### Activity
Whenever the string "pageId" appears in a line below, please copy the line out.

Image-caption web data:
# # # # # # #

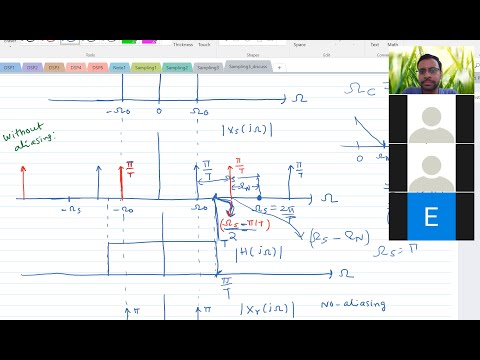 DSP Lecture-11: Zoom Session-2 on Sampling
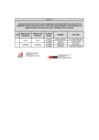 Vista preliminar de documento RESOLUCION MINISTERIA - 000050-2022-DM anexo 1-B.pdf
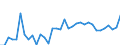Unit of measure: Million euro / Stock or flow: Total / Industries and final uses: Total / Statistical Classification of Products by Activity (CPA 2.1): Crude petroleum and natural gas / Geopolitical entity (reporting): Czechia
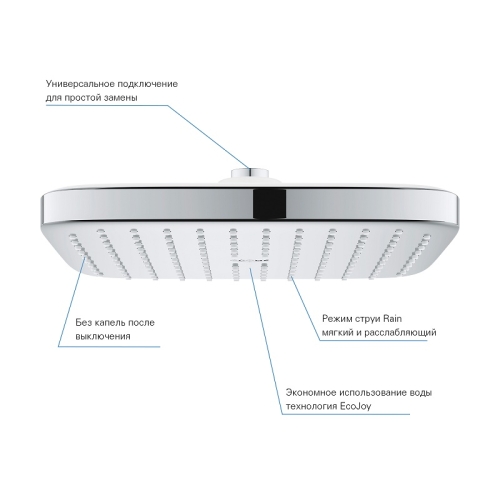 Верхній душ grohe tempesta 250 cube з WaterSaving (26685000)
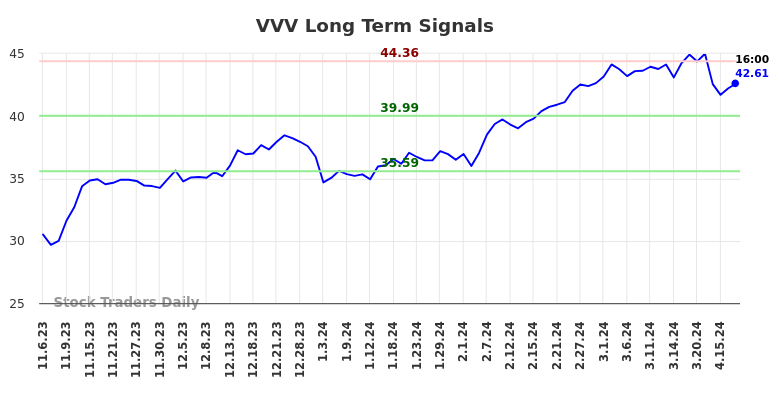 VVV Long Term Analysis for May 5 2024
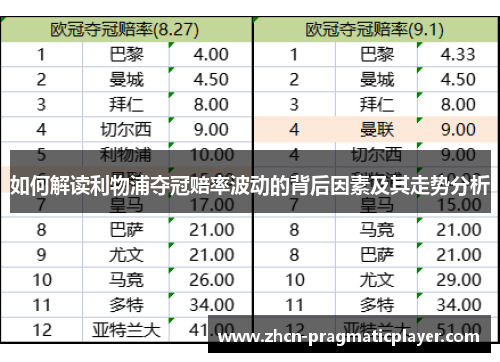 如何解读利物浦夺冠赔率波动的背后因素及其走势分析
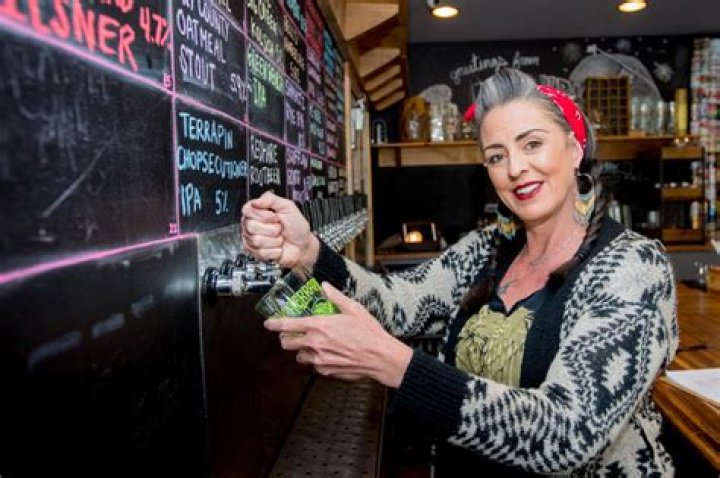 Discoveries And Insights Into The 1910 Public House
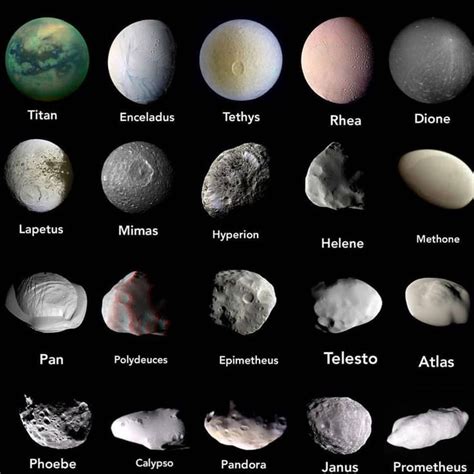 Moons of Saturn! What's your favorite? 🤔 #CassiniBook While the larger ...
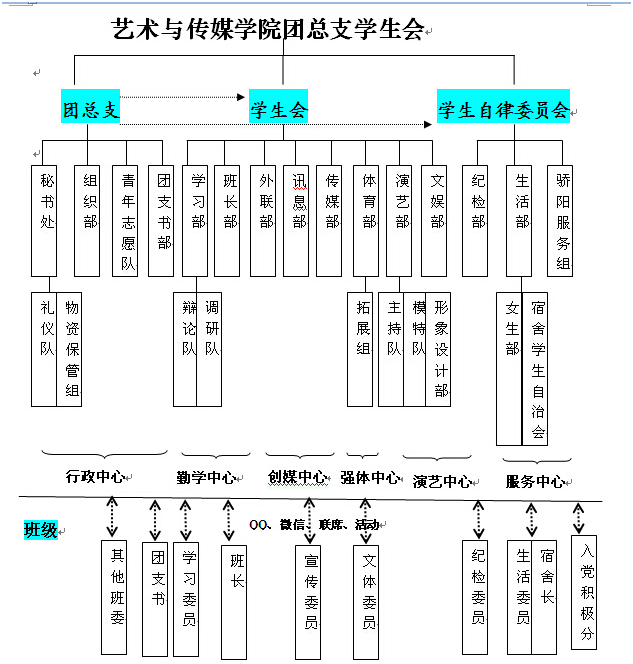 艺术与传媒学院团总支学生会组织架构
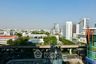 2 Bedroom Condo for Sale or Rent in Rhythm Rangnam, Thanon Phaya Thai, Bangkok near BTS Victory Monument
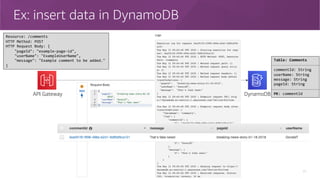 Ex: insert data in DynamoDB
41
Resource: /comments
HTTP Method: POST
HTTP Request Body: {
"pageId": "example-page-id",
"userName": "ExampleUserName",
"message": "Example comment to be added."
}
Table: Comments
commentId: String
userName: String
message: String
pageId: String
PK: commentIdAPI Gateway DynamoDB
 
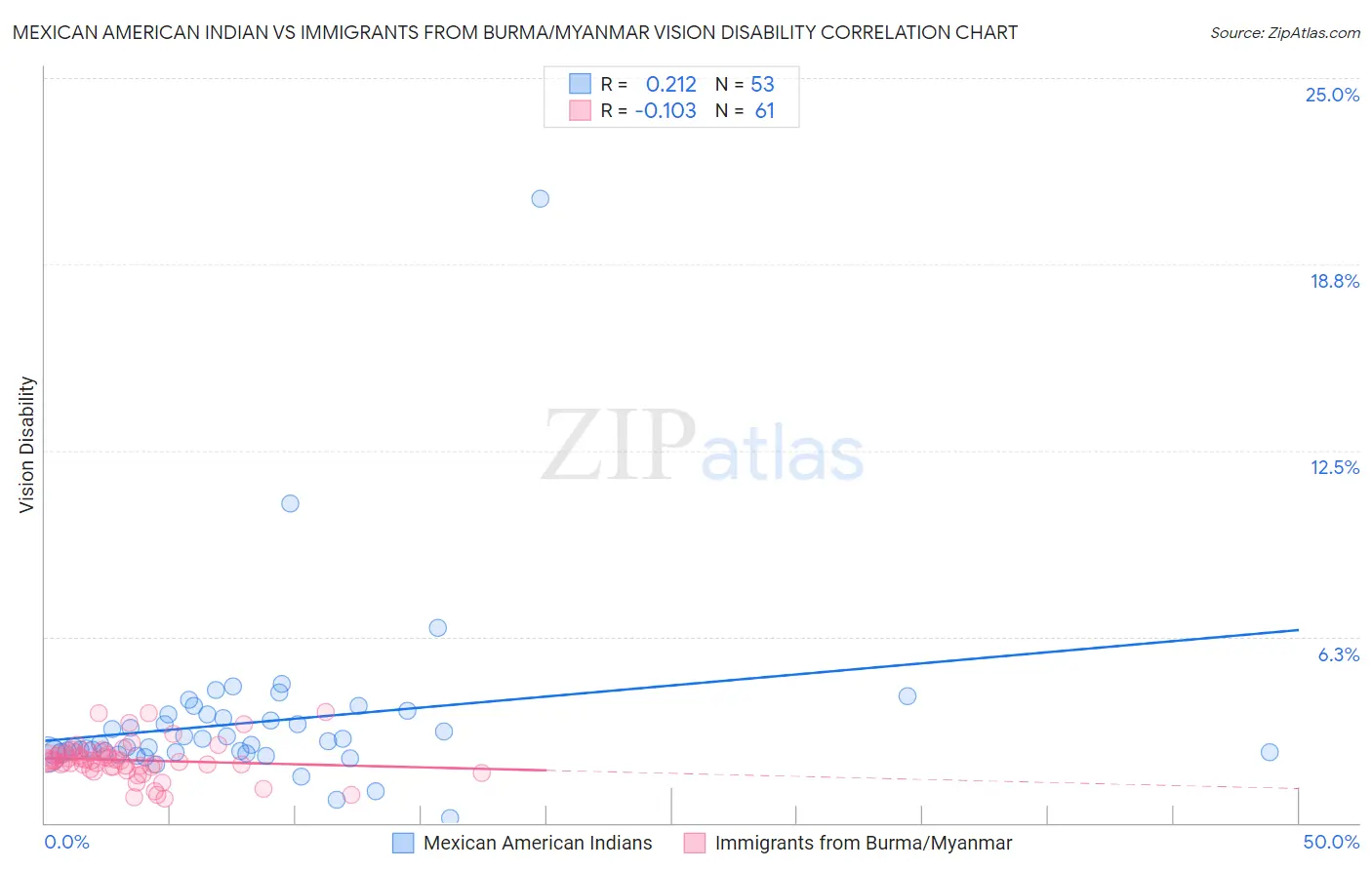 Mexican American Indian vs Immigrants from Burma/Myanmar Vision Disability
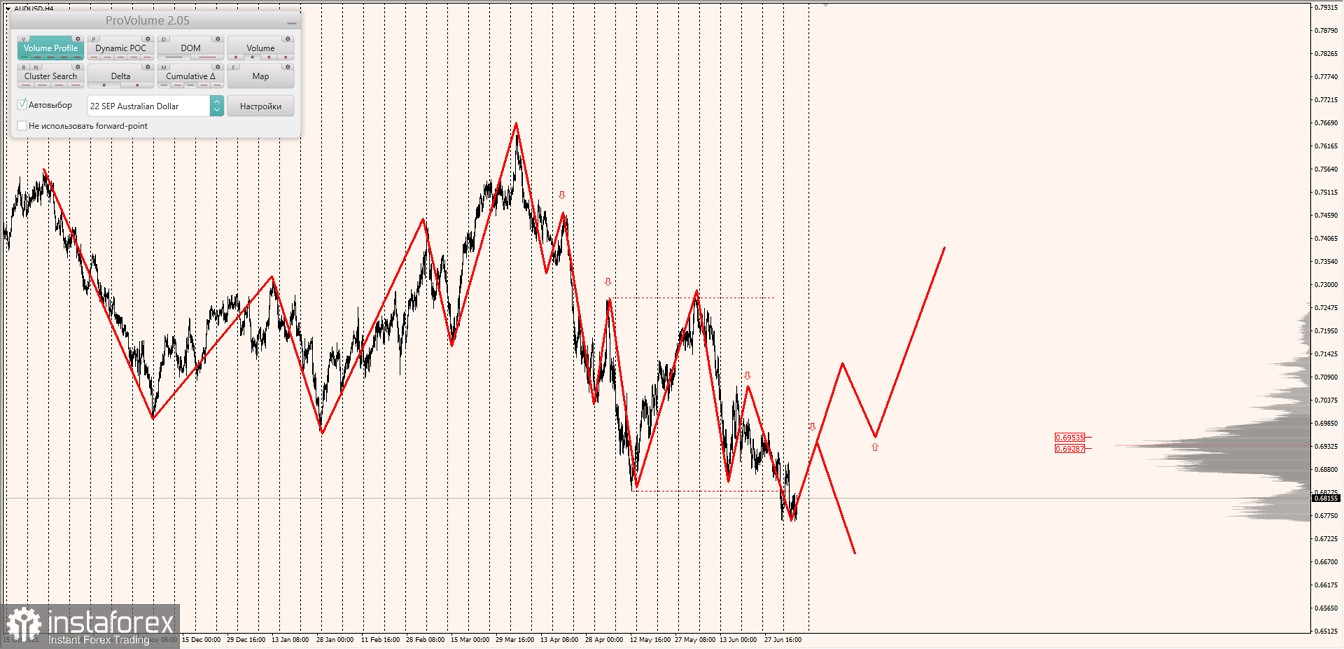 Маржинальные зоны по AUDUSD, NZDUSD, USDCAD (07.07.2022)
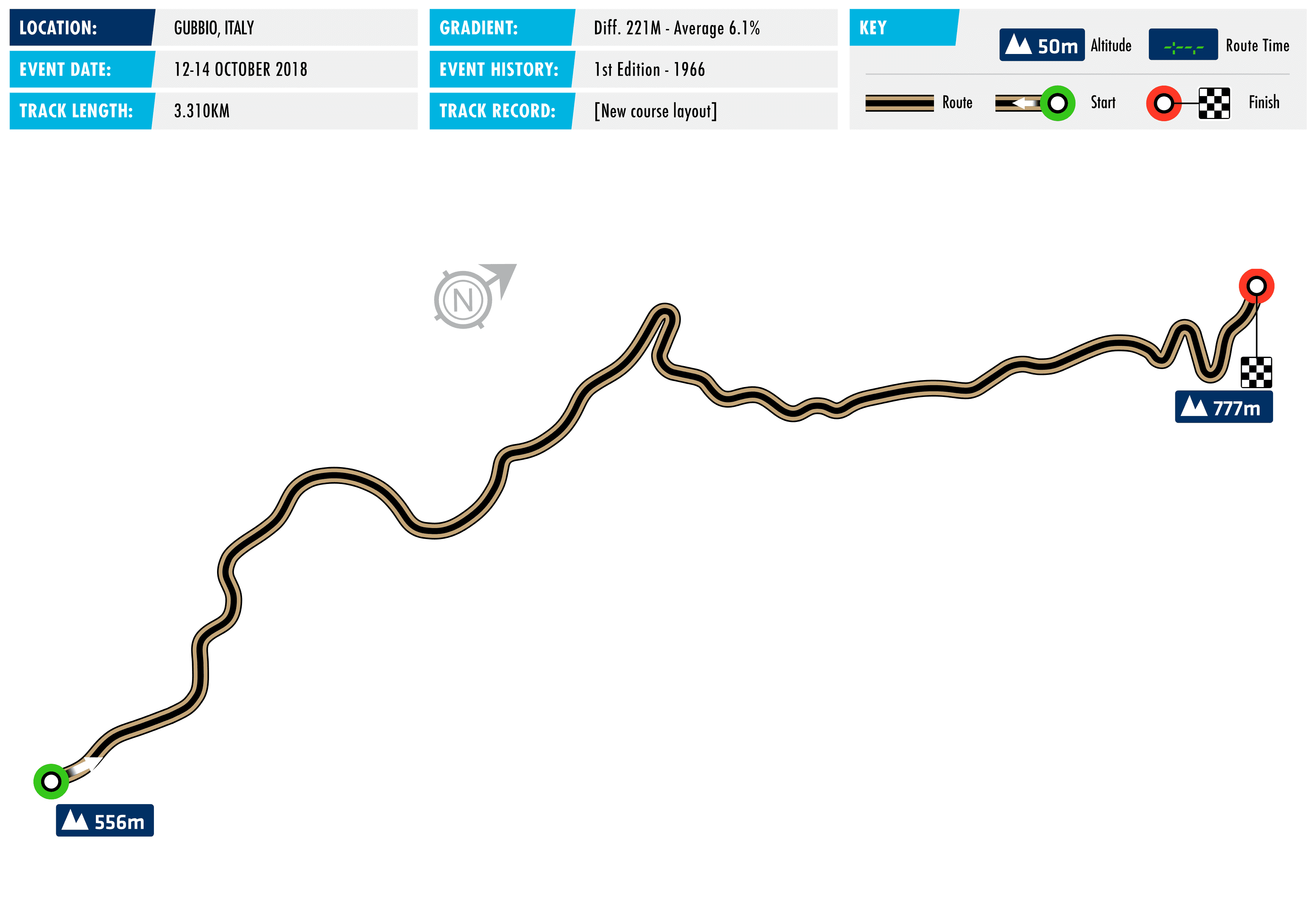 FIA Hill CLimb Masters Gubbio 2018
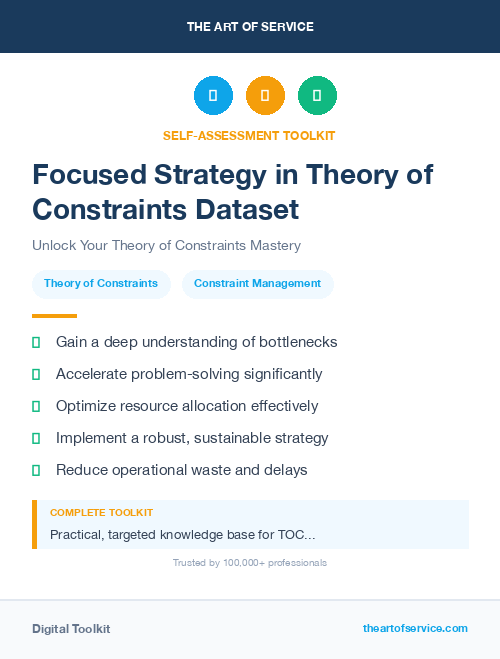 Focused Strategy in Theory of Constraints Dataset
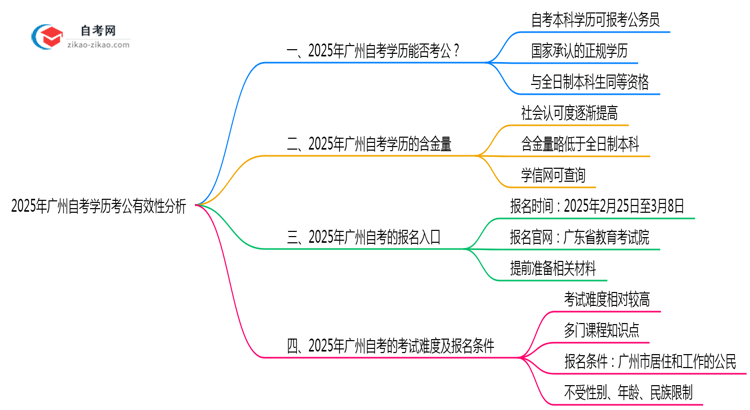 新政!2025广州自考学历考公有效吗?(附官方文件)思维导图
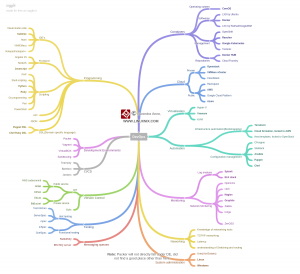 Devops mind map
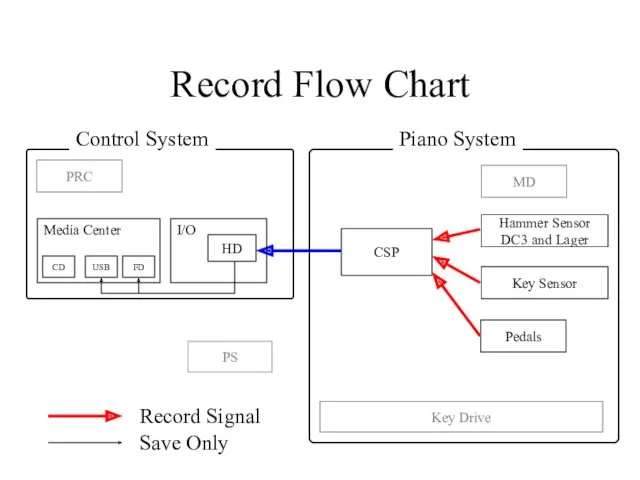 Record Flow Chart CSP PRC Media Center PS Pedals Key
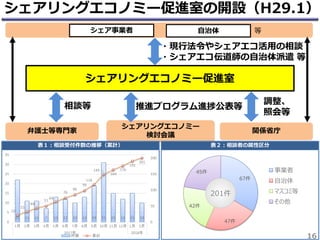 関係省庁
シェアリングエコノミー促進室
等
弁護士等専門家
シェア事業者 自治体
シェアリングエコノミー
検討会議
16
シェアリングエコノミー促進室の開設（H29.1）
表１：相談受付件数の推移（累計） 表２：相談者の属性区分
22 11 11 7 13 12 10 13 19 31 15 12 15 10
22
33
44
51
64
76
86
99
118
149
164
176
191
201
0
50
100
150
200
0
5
10
15
20
25
30
35
1月 2月 3月 4月 5月 6月 7月 8月 9月 10月 11月 12月 1月 2月
2017年 2018年
件数 累計
67件
47件
42件
45件 事業者
自治体
マスコミ等
その他
201件
・現行法令やシェアエコ活用の相談
・シェアエコ伝道師の自治体派遣 等
相談等 推進プログラム進捗公表等
調整､
照会等
 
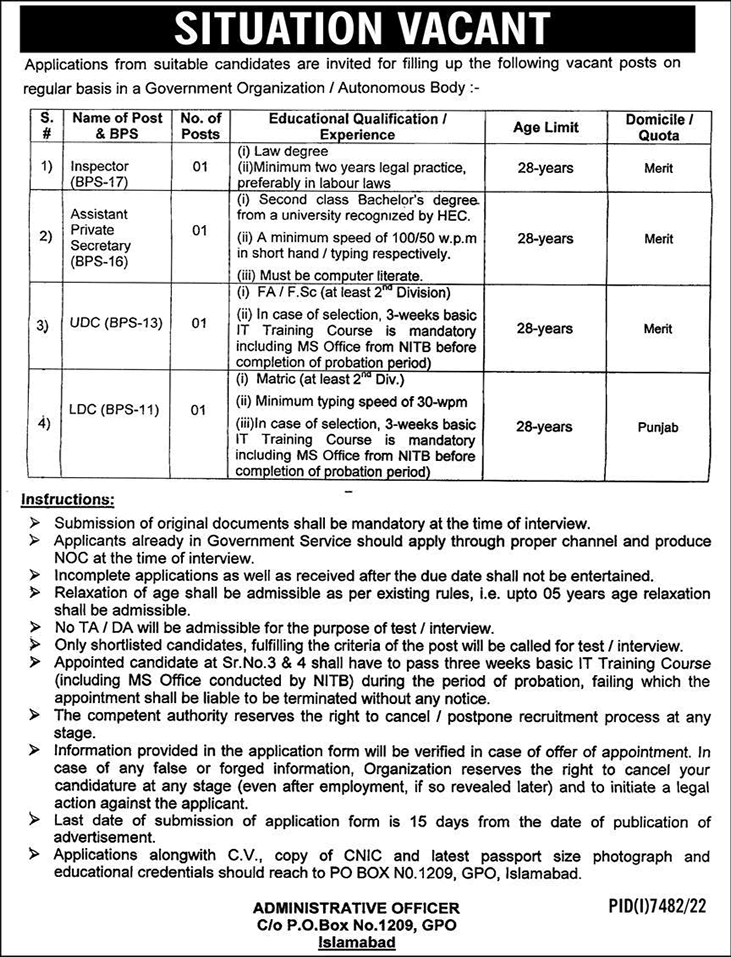 PO Box 1209 Islamabad Jobs 2023 June Clerks, Inspector & Assistant Private Secretary Latest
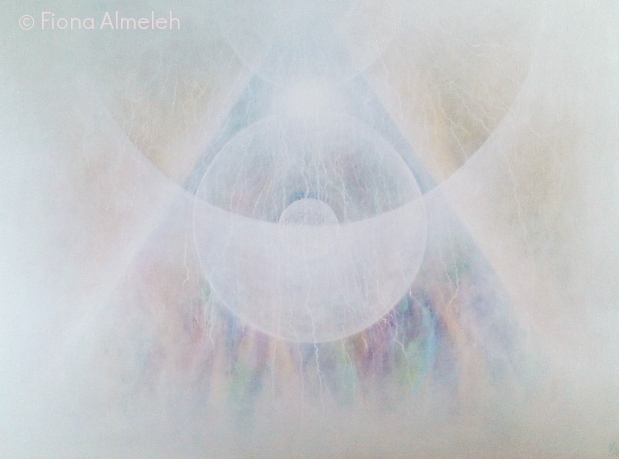 Piercing the Veil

# # # # # # #

### Task result
"pageId": "example-page-id",
pageId: String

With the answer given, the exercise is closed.